Harnessing the potential of CO2
CCUS technologies involve the capture of carbon dioxide (CO2) from fuel combustion or industrial processes and recycling it for further usage. CCUS for mitigating climate change is a relatively new space, with 95% of all patents being filed in the last ten years.
For CCUS to be successful, multiple components need to be in sync for the removal or capture of CO2 from the atmosphere, followed by utilisation and storage. CO2 is currently used commercially in a multitude of ways, including in the production of carbonated drinks and urea, which is used for nitrogen-based fertilisers. Other use-cases are emerging, such as in building materials and feedstock for synthetic fuels. Many of the major players in CCUS have recognised the importance of patent filing when it comes to encouraging innovation.
The IEA’s Sustainable Development Scenario (SDS) anticipates that biofuels will reach around 10% of aviation fuel demand by 2030, and close to 20% by 2040. Companies such as Lanzatech are making breakthroughs in CCUS and partnering with the likes of Virgin Atlantic to develop jet fuel from carbon waste gases.

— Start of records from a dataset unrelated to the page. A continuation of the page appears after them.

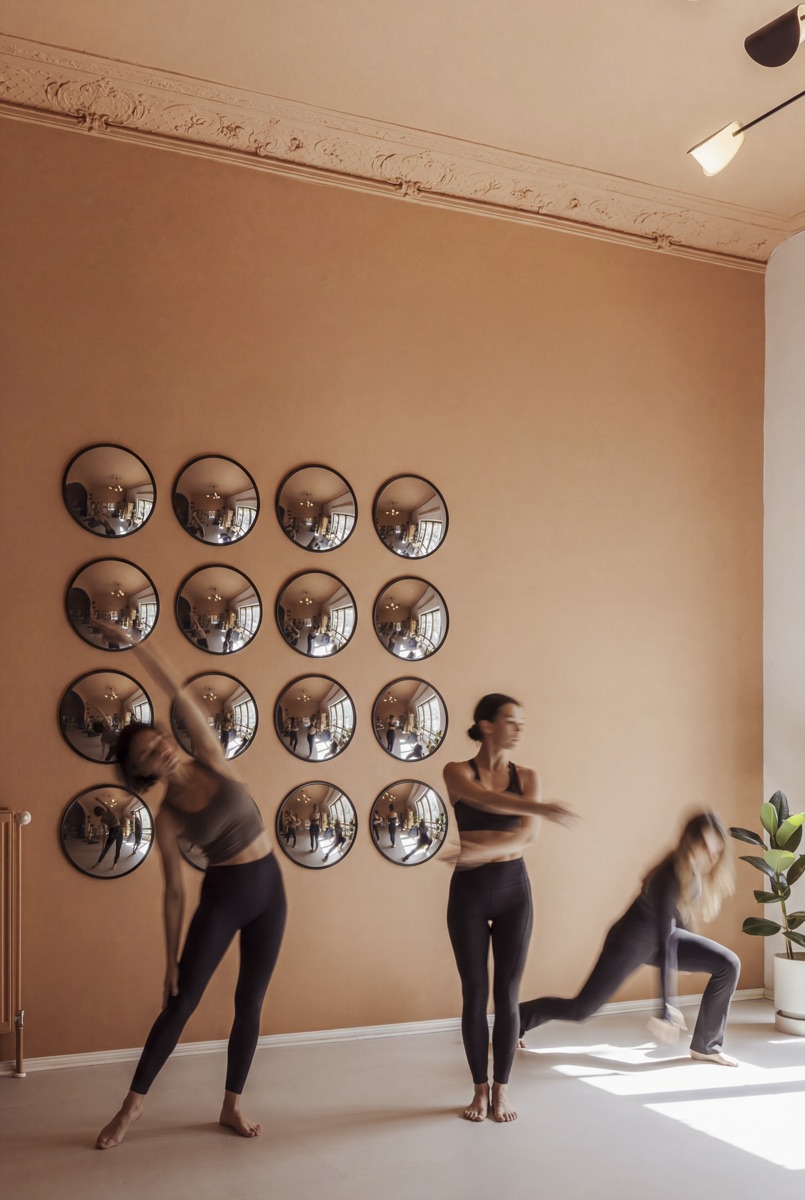 A small group moving upright in front of the mirror wall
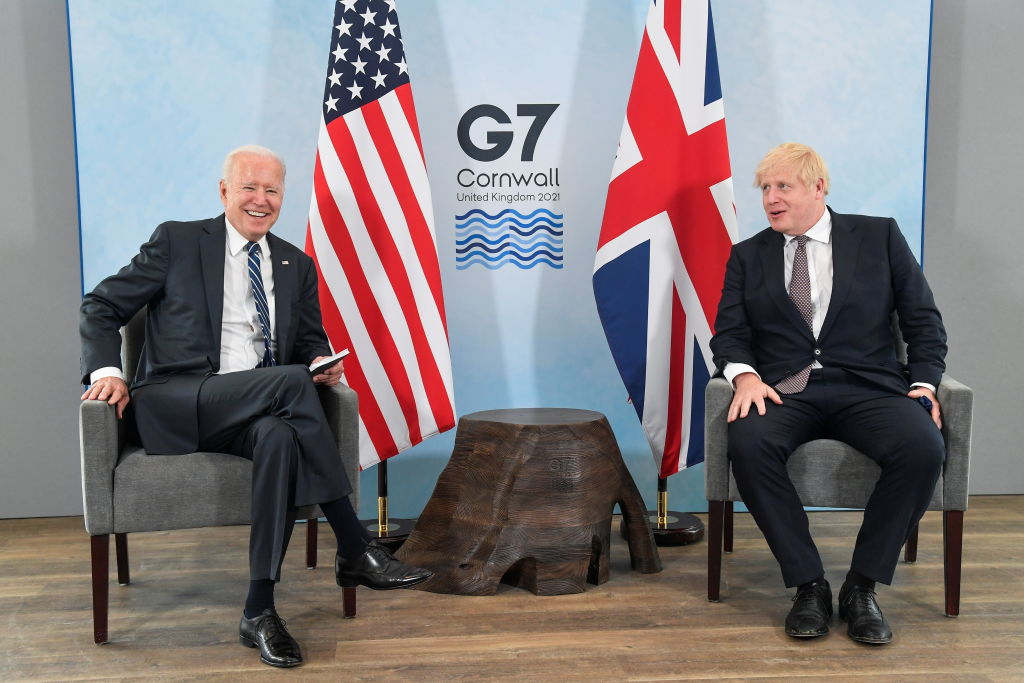 CARBIS BAY, ENGLAND - JUNE 10:  Britain's Prime Minister Boris Johnson speaks with U.S. President Joe Biden during their meeting, ahead of the G7 summit, at Carbis Bay Hotel, on June 10, 2021 near St Ives, England. UK Prime Minister, Boris Johnson, will host leaders from the USA, Japan, Germany, France, Italy and Canada at the G7 Summit that begins on Friday, June 11 2021. (Photo by Toby Melville - WPA Pool/Getty Images) (Getty Images&mdash;2021 Getty Images)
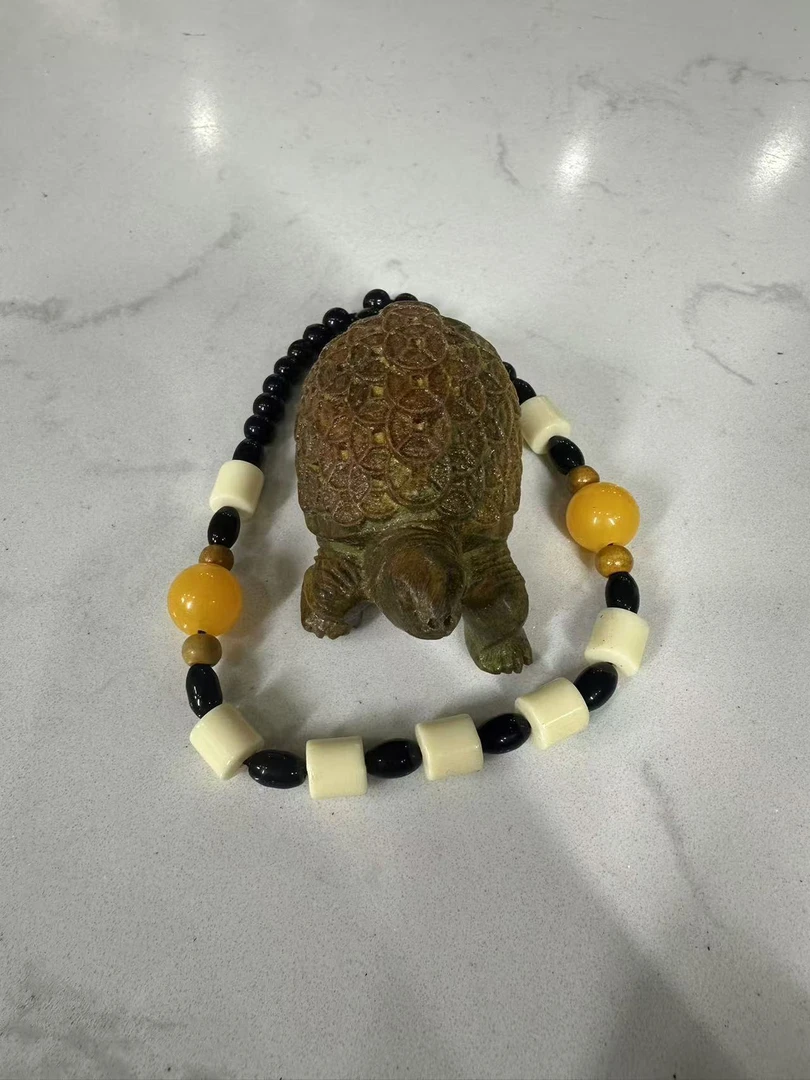 S7 绿檀金钱龟手把件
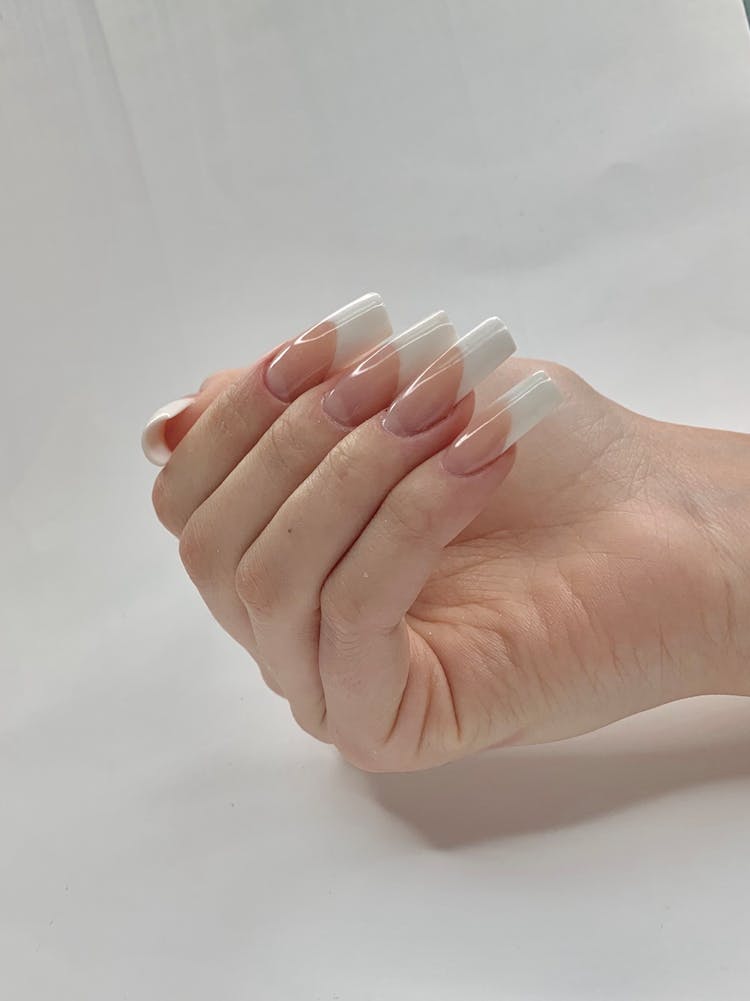 Persons Hand With White Nail Polish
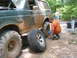 1995 Ford C-350 (Centurion Conversions) - A man kneels to change a flat tire on a muddy green Ford Bronco during an off-road event.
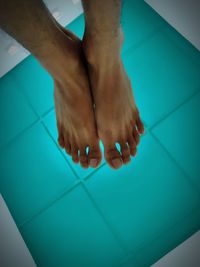 Low section of woman legs in swimming pool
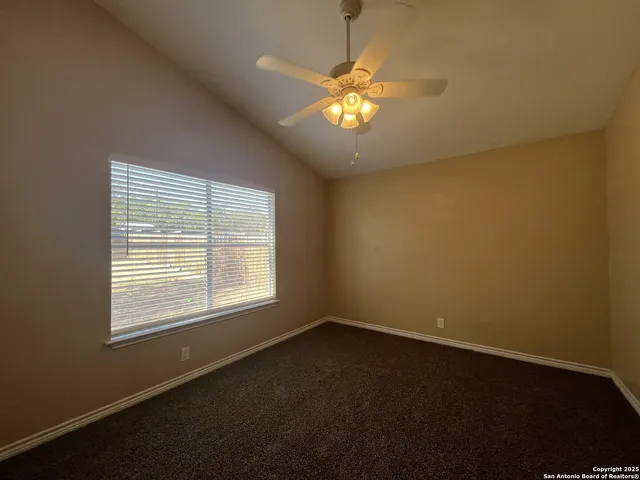 a view of an empty room with a chandelier fan and a window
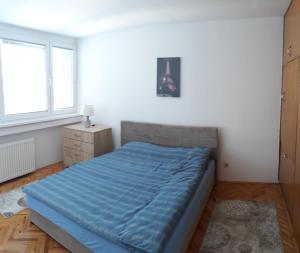 - une chambre avec un lit bleu et 2 fenêtres dans l'établissement Apartment Ambrela 2, à Sarajevo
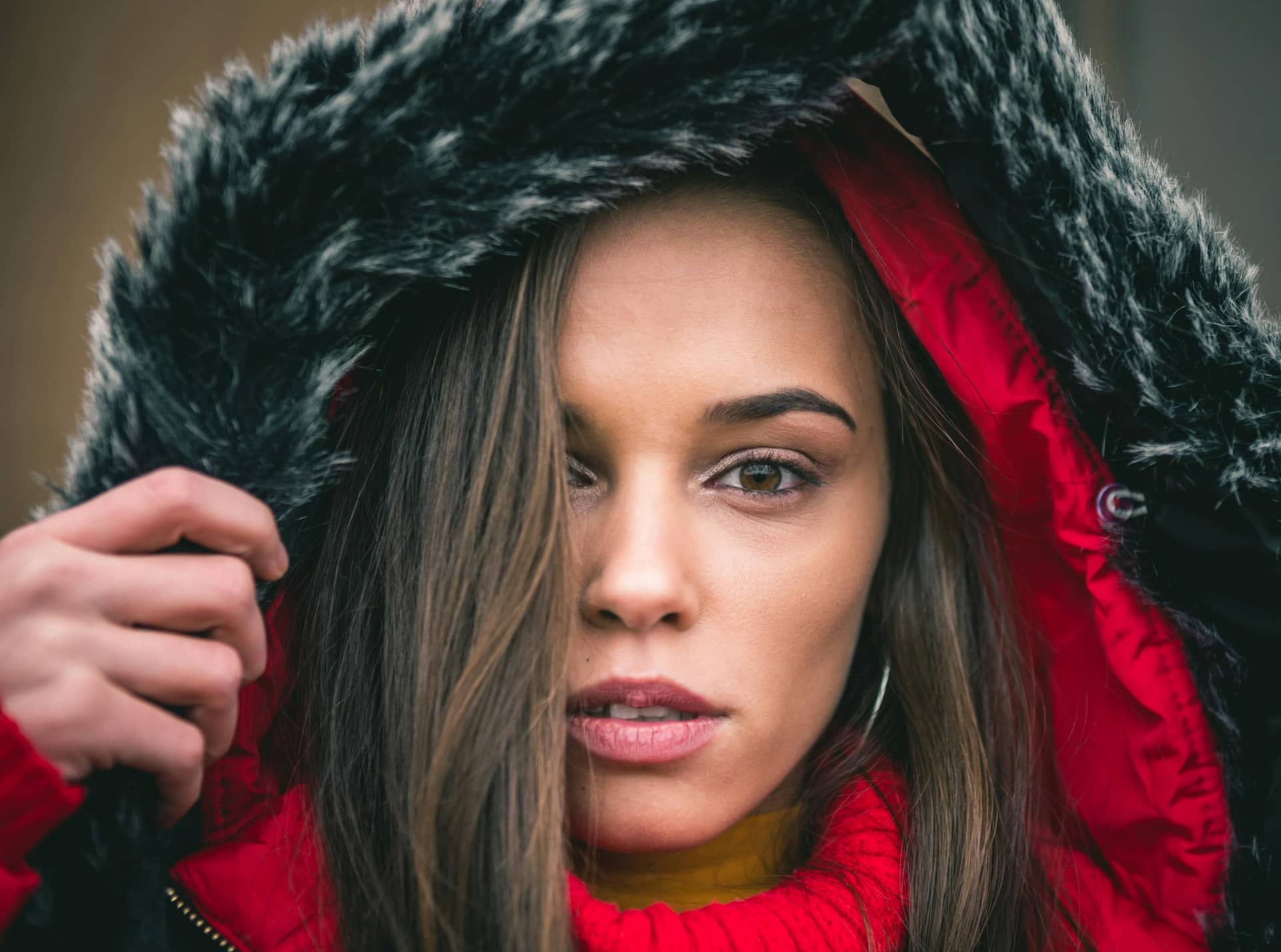 Artystyczna sesja kobieca Katowice – bliski portret pięknej kobiety w czerwonej kurtce z futrzanym kapturem, zmysłowe spojrzenie, profesjonalna fotografia portretowa Śląsk.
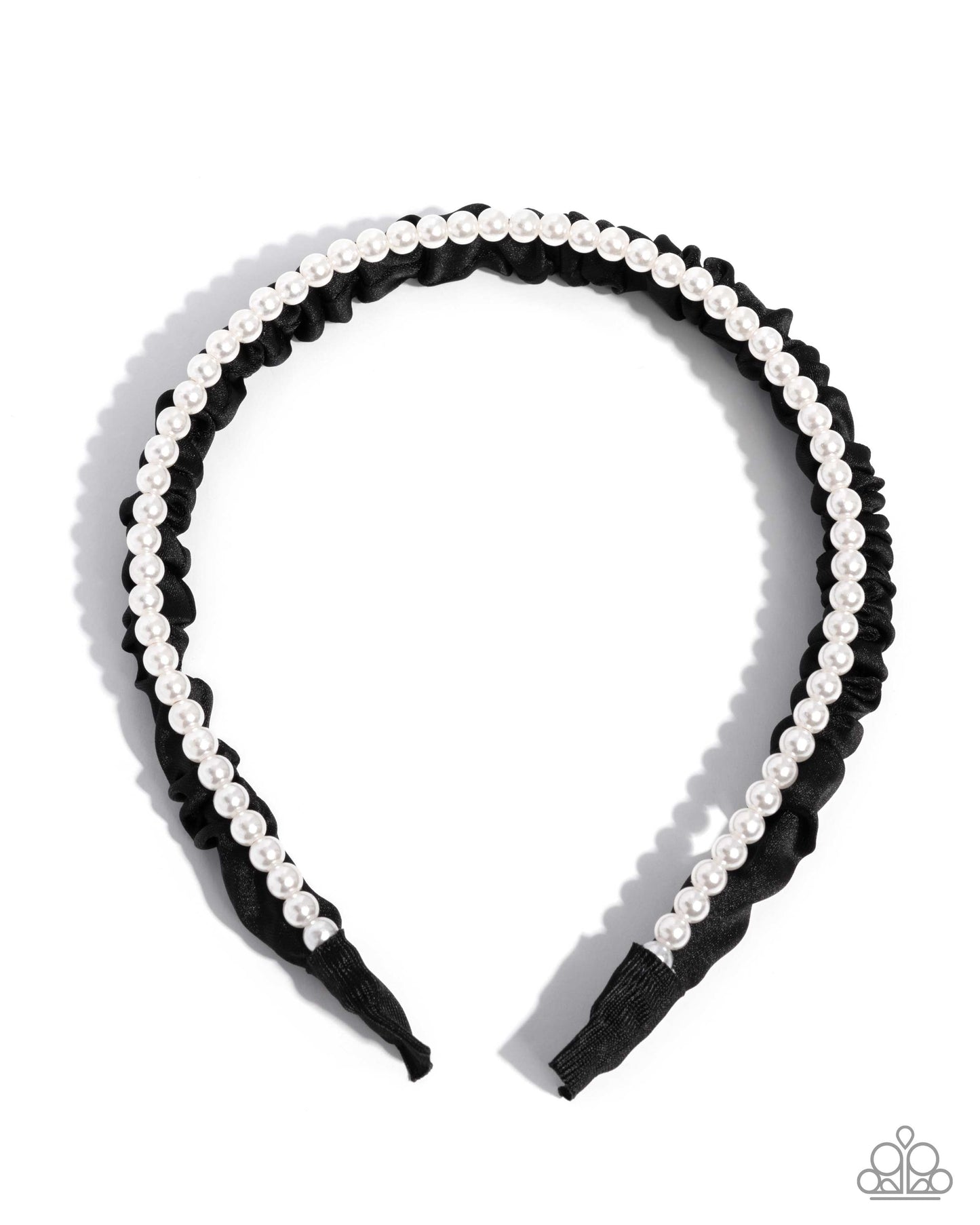 Black headband with white pearls on a white background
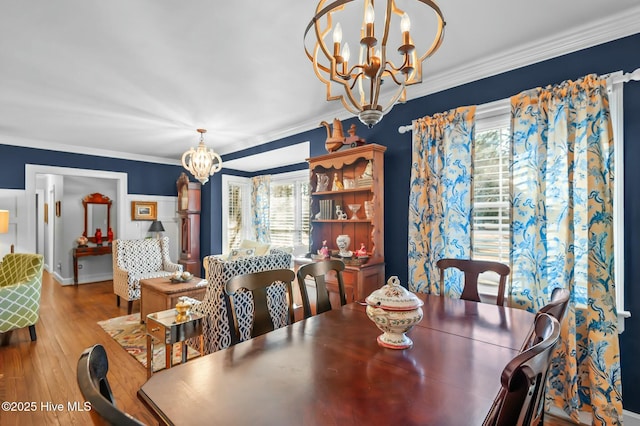 dining space with a notable chandelier, crown molding, and plenty of natural light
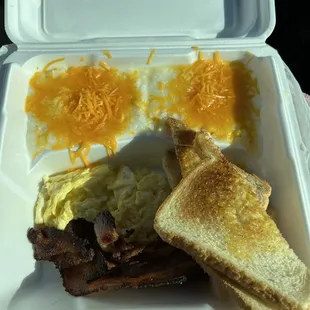 Bacon, scrambled eggs, cheese grits, and toast.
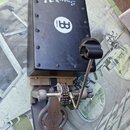 Černý obdélníkový box s nápisem SnareBox a logem MEINL. Box je připevněn k kovovému pedálu s šedým plastovým stupňem, na kterém je logo Remo. Povrch…
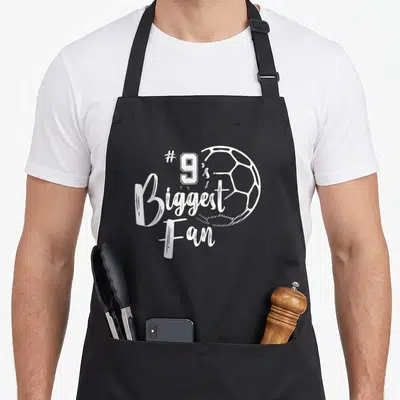 Biggest family aprons - White distressed #9's Biggest Fan text and soccer ball outline — shown on a black cotton canvas apron against a white background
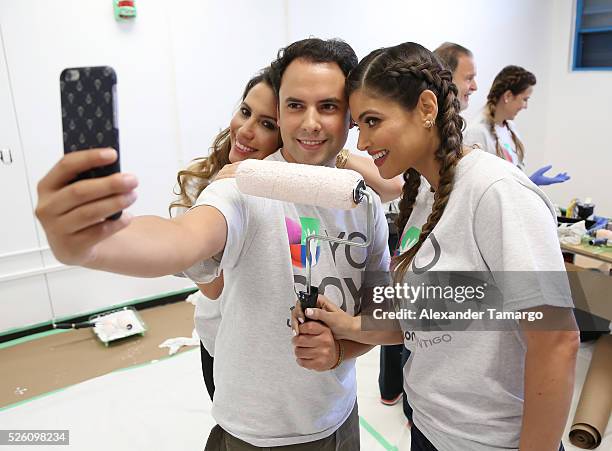 Lindsay Casinelli, Alejandro Berry and Chiquinquira Delgado are seen during Univision's Media Centers/Week of Service at Ruben Dario Middle School on...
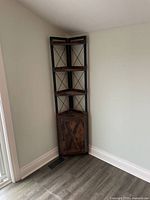Full view of a corner shelf placed in a corner against two walls, showing metal frame, wooden shelves and cabinet door at the bottom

Enabled by a comprehensive patent portfolio, they can licence their technology to customers who may then implement the circular economy in their supply chain and product offering. This is an example of a strong patent portfolio proving a significant asset for generating revenue, which in turn funds further technological developments.
The way forward
The transition to net-zero won’t happen overnight, but it’s clear from the patent landscape that companies are seeing the value in patent filing strategies to effectively exploit their research and innovation. It’s also clear patents have a role to play in commercialising innovation in areas where the technology is yet to be proven. Companies with robust patent-filing systems are helping push forward the technological innovation that will get us to net-zero by 2050, and ensuring that other companies in the sector can build on their innovations.